Funny You Should Ask(69)



My head went back, eyes closed.

Oh. Holy. Wow.

We were still mostly dressed, but I was close. So incredibly close. Gabe was still kissing my neck, his body pressed against mine, so lost in his own rhythm that it seemed possible that he didn’t know I’d almost just come from the sheer pleasure of us moving together.

“Fuck,” he murmured. “I want…”

Whatever he wanted, I was completely willing to give him.

“You feel so good,” he said. “You feel so good…baby.”

It was the pause that slapped me out of my sexual haze. The hesitation between his sweet, hot praise and his whispered, unearned endearment.

He knew my name. I knew that he knew my name.

But something about the way he had paused, the way he’d said “baby,” quiet and questioning, made me think that there was a very real possibility that in that moment Gabe had completely forgotten who I was.

It was the metaphorical cold shower I needed but didn’t want.

Suddenly all the thoughts I hadn’t allowed myself to have—all the very real reasons I should not sleep with him—came rushing back.

“Wait,” I said.

I said it quietly, the word lost in the sound of his lips against my throat, the squeak of couch beneath us, and our shared heavy breathing. Because that metaphorical cold shower was already heating back up.

I was about five seconds away from losing myself in the pleasure again.

Gabe was moving against me, and I kept forgetting why I wanted to stop. It felt so good. He felt so good.

Baby.

It pinged across my brain.

“Wait,” I said.

This time he heard me, and his arms, his hips froze, pressing hard against me. A body-length shudder rippled beneath my hands as he buried his face in my neck. His skin was damp, my hair still fisted in his hand.

He let out a groan of disappointment.

“Sorry,” I said.

“Shit,” he said.

What was wrong with me?

Neither of us moved for a long moment, and then slowly, Gabe raised his head.

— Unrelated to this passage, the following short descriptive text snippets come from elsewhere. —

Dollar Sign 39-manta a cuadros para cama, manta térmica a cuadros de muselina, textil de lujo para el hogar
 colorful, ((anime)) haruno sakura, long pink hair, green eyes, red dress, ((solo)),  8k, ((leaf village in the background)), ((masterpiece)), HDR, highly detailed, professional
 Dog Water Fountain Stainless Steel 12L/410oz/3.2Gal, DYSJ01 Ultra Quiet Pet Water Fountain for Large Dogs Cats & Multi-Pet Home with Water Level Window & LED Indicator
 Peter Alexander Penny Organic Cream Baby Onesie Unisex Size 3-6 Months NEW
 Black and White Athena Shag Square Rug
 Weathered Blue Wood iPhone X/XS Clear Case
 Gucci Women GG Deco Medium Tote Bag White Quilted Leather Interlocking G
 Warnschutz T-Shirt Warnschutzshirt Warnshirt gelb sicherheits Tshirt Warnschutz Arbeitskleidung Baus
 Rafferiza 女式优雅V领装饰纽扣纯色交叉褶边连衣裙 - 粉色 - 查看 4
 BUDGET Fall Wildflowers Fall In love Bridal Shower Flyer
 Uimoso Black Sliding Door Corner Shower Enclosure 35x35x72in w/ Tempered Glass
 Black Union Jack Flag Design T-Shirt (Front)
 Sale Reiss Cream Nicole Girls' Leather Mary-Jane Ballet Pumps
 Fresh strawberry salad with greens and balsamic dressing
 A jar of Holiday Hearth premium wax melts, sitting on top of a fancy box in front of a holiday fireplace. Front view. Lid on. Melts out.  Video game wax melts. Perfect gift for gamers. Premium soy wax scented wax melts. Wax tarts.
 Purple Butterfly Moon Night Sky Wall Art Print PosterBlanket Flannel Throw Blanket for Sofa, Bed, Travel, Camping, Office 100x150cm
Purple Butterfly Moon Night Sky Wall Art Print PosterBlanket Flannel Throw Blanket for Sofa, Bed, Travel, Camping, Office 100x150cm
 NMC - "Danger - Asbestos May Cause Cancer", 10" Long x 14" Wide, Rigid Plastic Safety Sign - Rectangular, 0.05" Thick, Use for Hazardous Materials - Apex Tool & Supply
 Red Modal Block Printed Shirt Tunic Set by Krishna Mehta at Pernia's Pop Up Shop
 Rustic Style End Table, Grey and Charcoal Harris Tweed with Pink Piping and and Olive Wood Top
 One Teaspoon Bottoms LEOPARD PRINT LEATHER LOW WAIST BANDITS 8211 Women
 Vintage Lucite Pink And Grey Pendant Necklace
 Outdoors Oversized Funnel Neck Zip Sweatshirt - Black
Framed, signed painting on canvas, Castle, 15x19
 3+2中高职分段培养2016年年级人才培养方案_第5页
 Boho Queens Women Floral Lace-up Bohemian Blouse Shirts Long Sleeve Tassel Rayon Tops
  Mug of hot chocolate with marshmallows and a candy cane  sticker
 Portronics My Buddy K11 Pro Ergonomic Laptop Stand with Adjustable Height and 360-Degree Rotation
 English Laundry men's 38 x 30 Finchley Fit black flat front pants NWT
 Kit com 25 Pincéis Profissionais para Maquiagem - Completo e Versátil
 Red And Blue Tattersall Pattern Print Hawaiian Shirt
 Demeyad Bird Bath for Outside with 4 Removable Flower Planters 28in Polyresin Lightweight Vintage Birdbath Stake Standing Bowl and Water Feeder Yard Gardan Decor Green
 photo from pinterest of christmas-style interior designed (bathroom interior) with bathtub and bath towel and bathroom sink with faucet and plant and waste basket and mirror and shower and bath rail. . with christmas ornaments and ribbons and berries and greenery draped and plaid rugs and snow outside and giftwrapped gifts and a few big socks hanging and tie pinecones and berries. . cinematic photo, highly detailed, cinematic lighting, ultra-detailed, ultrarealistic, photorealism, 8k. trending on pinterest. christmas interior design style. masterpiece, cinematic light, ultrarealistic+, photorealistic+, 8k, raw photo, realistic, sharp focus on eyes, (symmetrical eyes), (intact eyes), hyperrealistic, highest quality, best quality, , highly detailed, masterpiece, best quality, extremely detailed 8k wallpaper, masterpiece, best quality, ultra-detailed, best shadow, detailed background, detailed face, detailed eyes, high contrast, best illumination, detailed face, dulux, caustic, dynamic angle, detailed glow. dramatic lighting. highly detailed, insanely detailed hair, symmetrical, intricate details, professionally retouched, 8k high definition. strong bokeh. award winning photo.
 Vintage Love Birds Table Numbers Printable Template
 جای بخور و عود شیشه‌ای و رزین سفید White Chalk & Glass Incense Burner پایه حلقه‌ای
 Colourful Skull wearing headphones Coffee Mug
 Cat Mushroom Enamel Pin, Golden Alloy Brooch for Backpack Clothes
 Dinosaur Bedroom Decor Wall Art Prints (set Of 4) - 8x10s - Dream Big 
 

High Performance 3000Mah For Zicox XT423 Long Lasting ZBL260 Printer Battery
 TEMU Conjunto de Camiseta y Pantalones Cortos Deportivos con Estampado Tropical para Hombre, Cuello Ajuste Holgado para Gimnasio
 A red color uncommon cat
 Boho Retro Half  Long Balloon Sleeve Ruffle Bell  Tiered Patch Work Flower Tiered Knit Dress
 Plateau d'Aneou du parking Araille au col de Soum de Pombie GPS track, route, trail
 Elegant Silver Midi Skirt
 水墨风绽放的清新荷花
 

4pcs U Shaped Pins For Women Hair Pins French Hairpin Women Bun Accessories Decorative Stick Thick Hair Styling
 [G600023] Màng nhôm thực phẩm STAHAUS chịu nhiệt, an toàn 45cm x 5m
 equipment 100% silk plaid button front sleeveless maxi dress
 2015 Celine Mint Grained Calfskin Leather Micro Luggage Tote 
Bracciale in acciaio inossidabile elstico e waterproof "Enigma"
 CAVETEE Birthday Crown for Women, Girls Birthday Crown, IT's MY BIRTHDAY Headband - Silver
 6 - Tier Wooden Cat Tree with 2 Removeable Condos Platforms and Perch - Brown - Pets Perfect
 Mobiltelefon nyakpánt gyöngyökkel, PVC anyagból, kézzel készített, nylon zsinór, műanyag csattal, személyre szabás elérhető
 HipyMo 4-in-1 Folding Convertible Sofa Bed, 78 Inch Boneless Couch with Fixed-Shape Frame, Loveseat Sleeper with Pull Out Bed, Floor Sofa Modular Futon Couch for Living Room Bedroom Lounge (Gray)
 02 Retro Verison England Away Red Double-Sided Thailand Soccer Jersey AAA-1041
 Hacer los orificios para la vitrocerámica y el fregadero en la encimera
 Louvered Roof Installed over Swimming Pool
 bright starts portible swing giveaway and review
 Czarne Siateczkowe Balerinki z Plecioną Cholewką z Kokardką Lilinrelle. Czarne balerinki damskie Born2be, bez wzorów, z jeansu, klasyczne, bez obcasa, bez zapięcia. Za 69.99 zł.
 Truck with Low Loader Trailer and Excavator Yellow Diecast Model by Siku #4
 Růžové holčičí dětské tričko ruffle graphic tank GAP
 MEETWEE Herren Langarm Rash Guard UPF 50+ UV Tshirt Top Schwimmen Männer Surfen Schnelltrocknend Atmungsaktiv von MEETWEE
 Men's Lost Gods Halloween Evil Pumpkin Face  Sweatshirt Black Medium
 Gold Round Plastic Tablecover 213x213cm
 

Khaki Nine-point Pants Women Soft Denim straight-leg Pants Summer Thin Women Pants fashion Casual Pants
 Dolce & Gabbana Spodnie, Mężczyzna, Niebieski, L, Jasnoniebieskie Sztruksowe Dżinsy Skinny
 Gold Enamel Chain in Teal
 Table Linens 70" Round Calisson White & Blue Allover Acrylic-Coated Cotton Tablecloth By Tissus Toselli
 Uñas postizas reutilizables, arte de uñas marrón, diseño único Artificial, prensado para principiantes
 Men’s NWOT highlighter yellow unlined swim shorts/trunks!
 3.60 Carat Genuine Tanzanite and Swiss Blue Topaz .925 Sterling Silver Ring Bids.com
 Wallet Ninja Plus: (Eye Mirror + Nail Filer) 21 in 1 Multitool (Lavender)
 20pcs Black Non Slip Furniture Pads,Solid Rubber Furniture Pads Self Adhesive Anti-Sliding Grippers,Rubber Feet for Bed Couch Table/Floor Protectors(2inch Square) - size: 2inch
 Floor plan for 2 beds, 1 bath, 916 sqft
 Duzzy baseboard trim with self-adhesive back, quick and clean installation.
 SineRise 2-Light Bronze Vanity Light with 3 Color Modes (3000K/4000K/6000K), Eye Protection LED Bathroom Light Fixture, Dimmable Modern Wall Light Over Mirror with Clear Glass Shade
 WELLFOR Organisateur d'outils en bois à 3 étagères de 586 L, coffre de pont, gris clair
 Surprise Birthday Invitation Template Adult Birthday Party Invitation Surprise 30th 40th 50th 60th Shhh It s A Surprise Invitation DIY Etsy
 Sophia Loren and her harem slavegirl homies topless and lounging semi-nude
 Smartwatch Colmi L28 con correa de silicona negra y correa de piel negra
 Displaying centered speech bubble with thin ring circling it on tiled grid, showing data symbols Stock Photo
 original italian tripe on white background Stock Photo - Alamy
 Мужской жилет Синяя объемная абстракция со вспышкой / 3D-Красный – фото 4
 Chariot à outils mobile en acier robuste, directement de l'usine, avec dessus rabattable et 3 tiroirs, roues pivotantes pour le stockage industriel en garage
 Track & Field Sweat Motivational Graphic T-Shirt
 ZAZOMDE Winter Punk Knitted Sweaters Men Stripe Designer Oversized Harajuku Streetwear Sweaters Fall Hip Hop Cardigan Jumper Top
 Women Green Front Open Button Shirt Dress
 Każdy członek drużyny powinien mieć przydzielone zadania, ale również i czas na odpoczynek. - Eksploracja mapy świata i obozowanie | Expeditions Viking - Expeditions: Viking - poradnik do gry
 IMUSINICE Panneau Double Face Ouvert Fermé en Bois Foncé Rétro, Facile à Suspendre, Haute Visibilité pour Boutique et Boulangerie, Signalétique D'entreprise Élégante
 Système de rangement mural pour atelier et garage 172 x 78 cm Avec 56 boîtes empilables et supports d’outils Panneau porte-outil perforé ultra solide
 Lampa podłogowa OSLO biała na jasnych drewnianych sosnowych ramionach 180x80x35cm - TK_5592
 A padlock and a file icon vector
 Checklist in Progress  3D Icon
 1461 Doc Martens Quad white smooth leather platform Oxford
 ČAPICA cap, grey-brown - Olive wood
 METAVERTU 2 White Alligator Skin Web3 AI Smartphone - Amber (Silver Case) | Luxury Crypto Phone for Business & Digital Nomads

He didn’t look me in the eye as he untangled his fingers from my hair and lifted himself off me. My stomach dropped as he pulled back.

We sat next to each other on the couch, the silence awkward and overwhelming.

“I’m sorry,” I said again. “I—”

Our words overlapped.

“Did you—” He started, paused, and tried again. “Do you—”

He was making some sort of gesture with his hand that I didn’t quite understand but he also wasn’t looking at me. His brow was furrowed as if he was trying to figure out how to get out of this situation.

“I should go,” I said quickly.

“No,” he said. “No, don’t go.”

“It’s okay,” I said.

He tapped his fingers on his knee.

“Really, it is,” I said. “I can just get my stuff.”

“Just, uh…” He looked away. “Just give me a moment, okay?”

“Um, yeah, of course,” I said.

He got off the couch and left the living room.

I picked up a pillow and screamed into it. What was wrong with me? Why had I stopped something that had felt so good, and so right, because of one stupid word? Also because of journalistic integrity but that had been about a horse behind my own galloping libido.

So what if Gabe had forgotten my name in the heat of the moment? I was fooling myself if I thought that this meant something. He was a movie star. He had women flinging themselves at his feet, and he was here with me. Did I really think this was going to be anything more than what it was?

I’d had one chance with him and I’d blown it.

When Gabe came back into the living room, I was sitting up, hands on my knees, still trying to figure out how to salvage this moment.

“Look,” he said. “We can still—I can still—if you—”

“It’s late,” I said.

“Yeah,” he said.

I got to my feet. “I’ll go.”

“Don’t be ridiculous,” he said, putting a hand on my arm.

We both looked at it, and then he removed it, putting both hands first into his back pockets and then into his front ones.

“You can stay in the guest room and I’ll call you a cab in the morning,” he said.

I nodded.

“Thanks,” I said.

“Yeah,” he said, and turned to go.

“Gabe,” I said.

He turned—and it was probably my imagination that made him seem eager.

“I’m sorry,” I said.

“It wasn’t your fault,” he said.

I didn’t really know how to respond to that. Were we just going to pretend that what had happened on the couch didn’t actually happen?

“We can talk more in the morning,” he said.

He gave me a smile—it seemed genuine but also tired.

“Okay,” I said.

I went into the guest room and closed the door. I stood there.

“Come on, honey,” I heard Gabe say, and then the click click click of his dog’s nails across the wood floor.

At the other end of the house, I heard his bedroom door close.